The task: What are the lines from the one containing "Kongresshalle" through the last line of the records below? Return them exactly, leaving out pictures.

Segment Start: Exercise materials

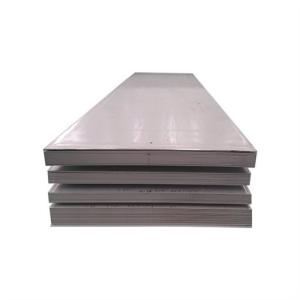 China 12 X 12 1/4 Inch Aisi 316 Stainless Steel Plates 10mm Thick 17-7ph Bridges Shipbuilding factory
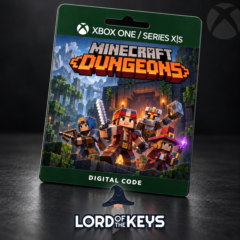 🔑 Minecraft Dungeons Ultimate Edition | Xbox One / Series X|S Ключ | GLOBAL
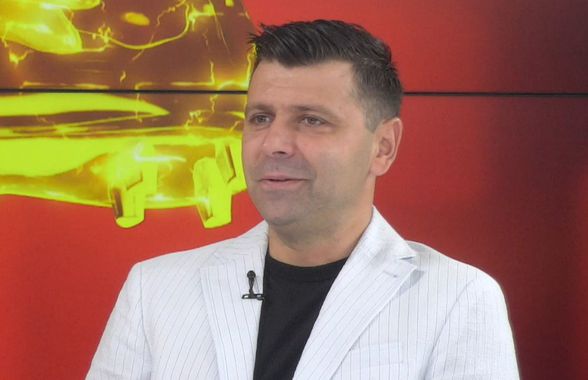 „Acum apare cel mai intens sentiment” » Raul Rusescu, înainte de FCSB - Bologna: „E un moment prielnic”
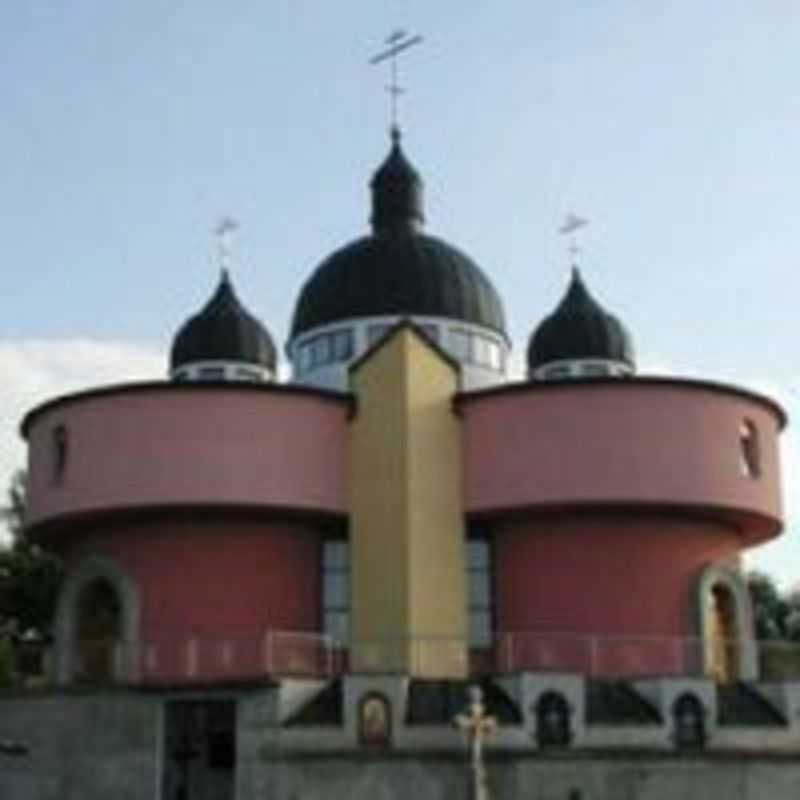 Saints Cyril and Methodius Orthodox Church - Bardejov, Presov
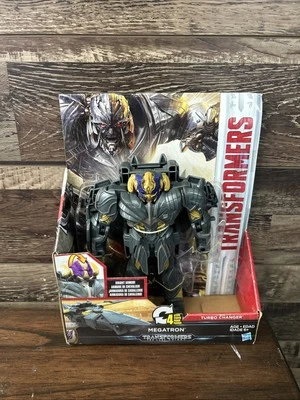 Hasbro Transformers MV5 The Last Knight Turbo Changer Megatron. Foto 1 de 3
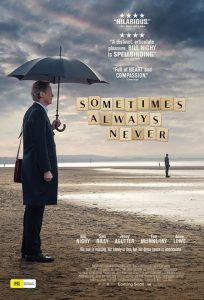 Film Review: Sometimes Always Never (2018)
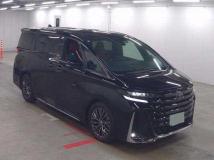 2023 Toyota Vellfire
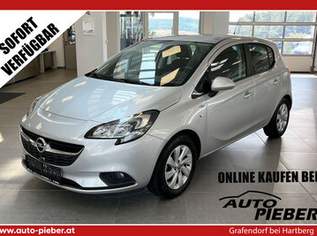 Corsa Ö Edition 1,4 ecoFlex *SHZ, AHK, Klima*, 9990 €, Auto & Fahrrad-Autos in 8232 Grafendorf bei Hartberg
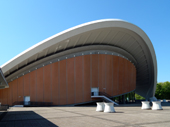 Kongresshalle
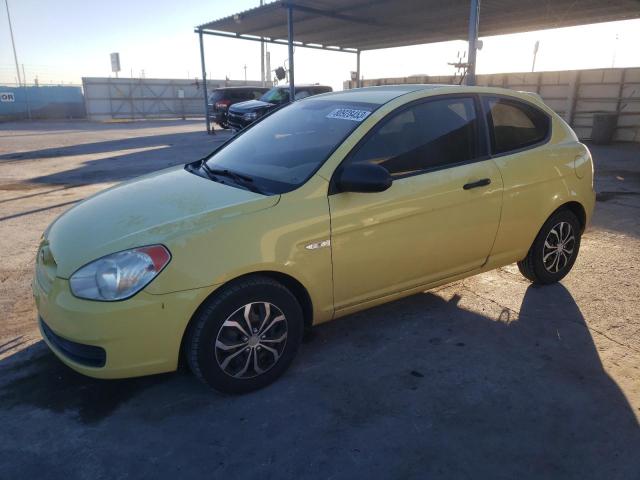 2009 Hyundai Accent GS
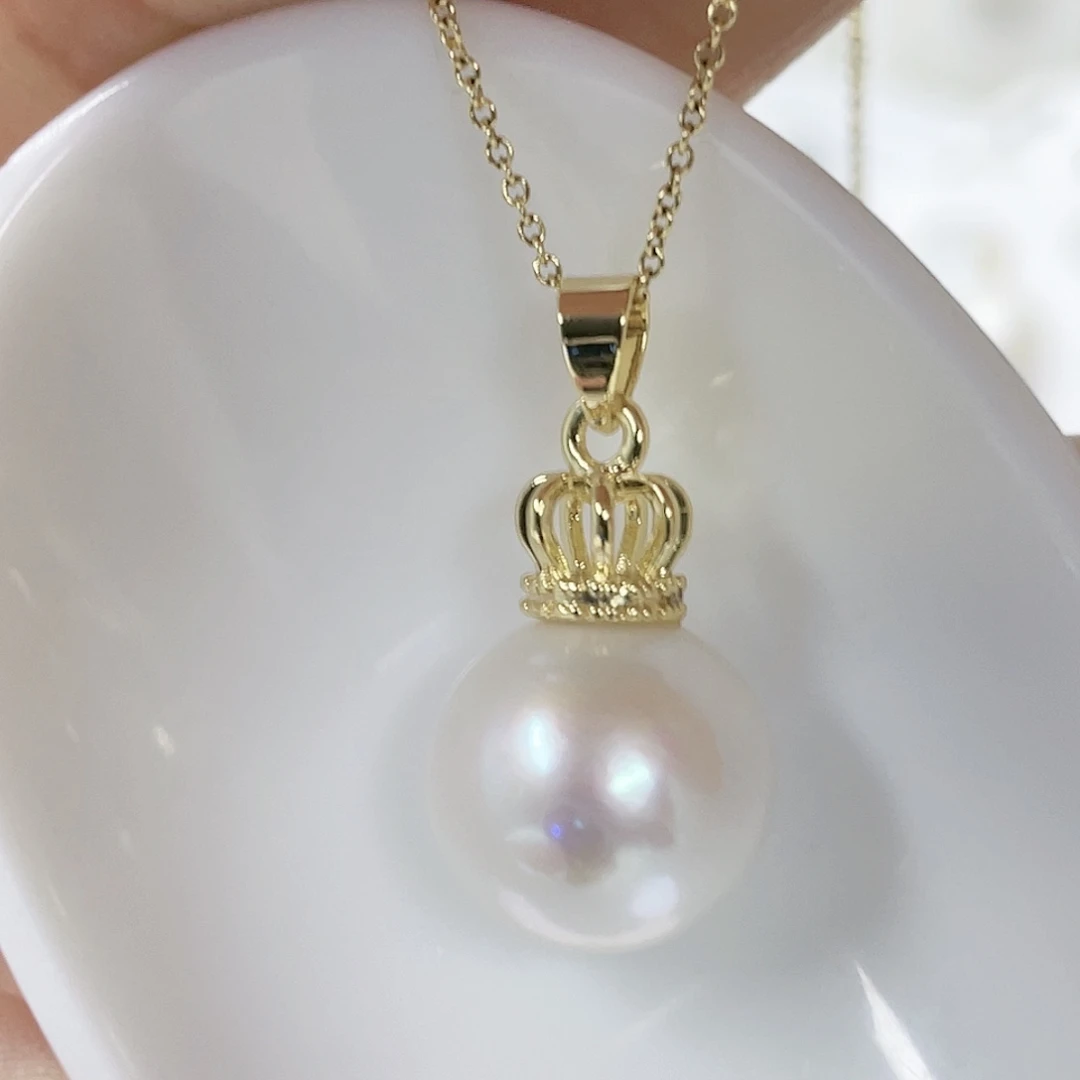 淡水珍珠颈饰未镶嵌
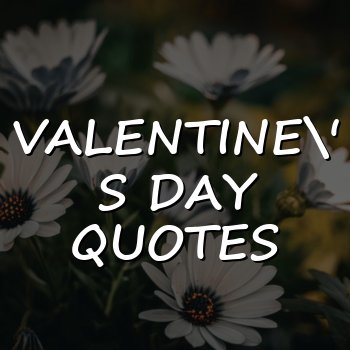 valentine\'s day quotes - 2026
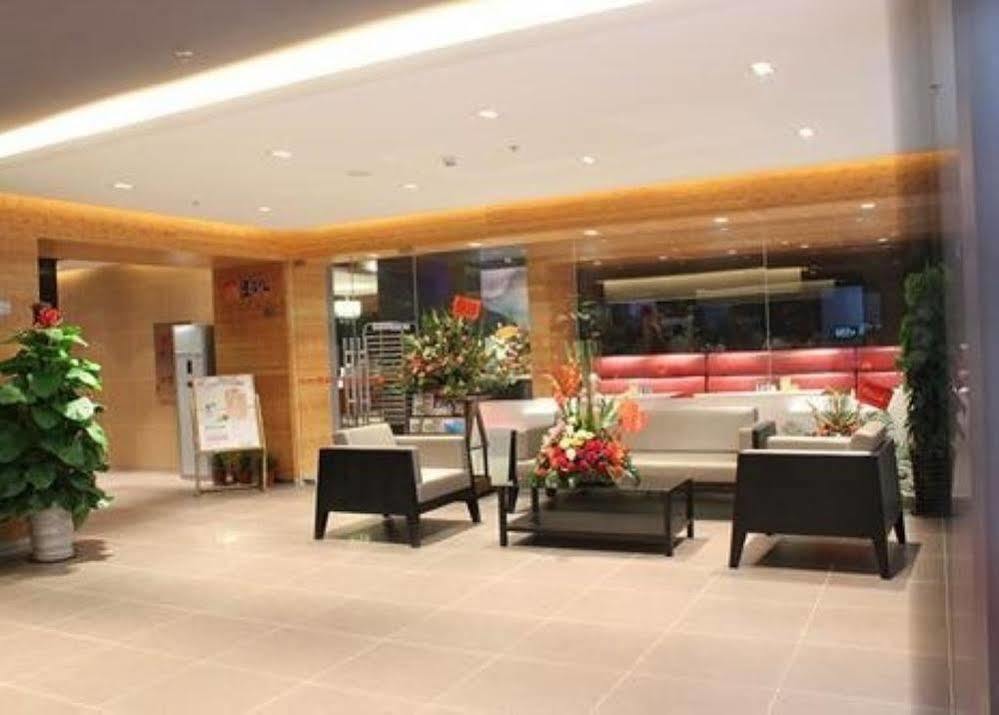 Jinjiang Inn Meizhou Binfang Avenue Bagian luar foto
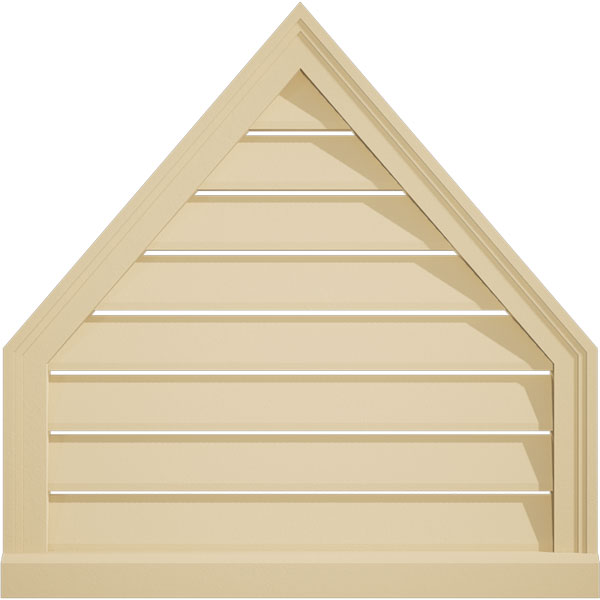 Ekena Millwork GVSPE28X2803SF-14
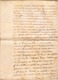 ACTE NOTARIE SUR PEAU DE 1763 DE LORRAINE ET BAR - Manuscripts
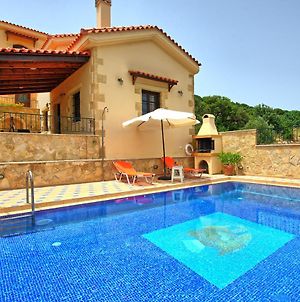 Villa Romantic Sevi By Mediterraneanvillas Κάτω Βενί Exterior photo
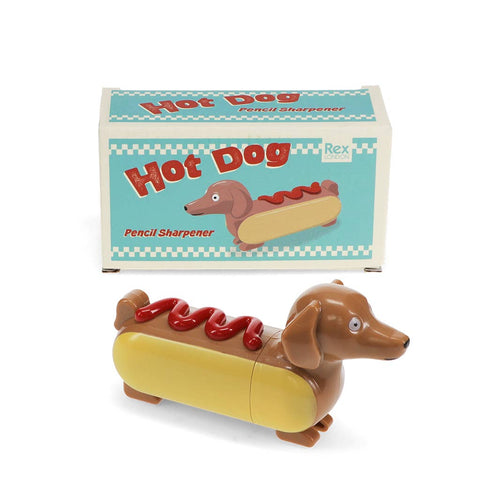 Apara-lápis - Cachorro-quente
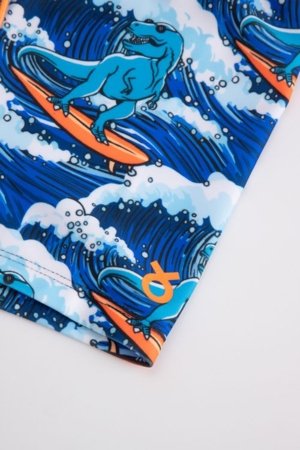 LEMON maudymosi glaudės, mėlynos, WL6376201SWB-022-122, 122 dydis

Segment End: Exercise materials

Exercise answer:
 Kongresshalle
 2009 Hyundai Accent GS
 淡水珍珠颈饰未镶嵌
 valentine\'s day quotes - 2026
 Jinjiang Inn Meizhou Binfang Avenue Bagian luar foto
 Ekena Millwork GVSPE28X2803SF-14
 ACTE NOTARIE SUR PEAU DE 1763 DE LORRAINE ET BAR - Manuscripts
 Villa Romantic Sevi By Mediterraneanvillas Κάτω Βενί Exterior photo
 Apara-lápis - Cachorro-quente
 LEMON maudymosi glaudės, mėlynos, WL6376201SWB-022-122, 122 dydis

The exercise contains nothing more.